Oops! Now I see that this advice is already given in the fastai docs.

3 Likes

For anybody else wondering like me:

https://docs.fast.ai/dev/test.html#getting-reproducible-results

7 Likes

Ha… at least this is a function rather than the list of code in the docs. How about FASTAI library having a callable function or setting somewhere to do this. I think its a must have when experimenting.

As an addendum, you also need to watch out for seeds used in generating your test and training split.

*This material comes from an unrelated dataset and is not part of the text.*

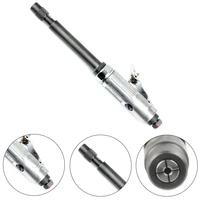 14 pneumatic air grinder tool grinding machine with bayonet quick connector wrench for grinding engraving tire repair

Mine was non-reproducible even after the above due to my use of the pandas sample function to create my validation set:

df.sample(frac=0.3)

You can fix this using the seed there too:

df.sample(frac=0.3),random_state=42)

Now I finally have reproducible results. Yay!

2 Likes

Hi @Pomo, I saw your very helpful answer and implemented it but I’m still not getting reproducible results. I’m not sure if I’m setting num_workers in the right place but I’m loading the datasets already split so this can’t be causing the problems like @blissweb mentioned. Here is how I’m creating the databunch, setting the seeds and running the learner:

 def random_seed(seed_value):
    import random 
    random.seed(seed_value) # Python
    import numpy as np
    np.random.seed(seed_value) # cpu vars
    import torch
    torch.manual_seed(seed_value) # cpu  vars
    
    if torch.cuda.is_available(): 
        torch.cuda.manual_seed(seed_value)
        torch.cuda.manual_seed_all(seed_value) # gpu vars
        torch.backends.cudnn.deterministic = True  #needed
        torch.backends.cudnn.benchmark = False

random_seed(0)

dep_var = 'NumberOfSales'
df = train_df[cat_vars + cont_vars + [dep_var]].copy()

path="c:/Benchmarking/testBench.csv"
data = (TabularList.from_df(df, cat_names=cat_vars, cont_names=cont_vars, procs=procs,)
                .split_by_idx(valid_idx)
                .label_from_df(cols=dep_var, label_cls=FloatList, log=False)
                .add_test(TabularList.from_df(test_df, path=path, cat_names=cat_vars, cont_names=cont_vars))
                .databunch(num_workers=0))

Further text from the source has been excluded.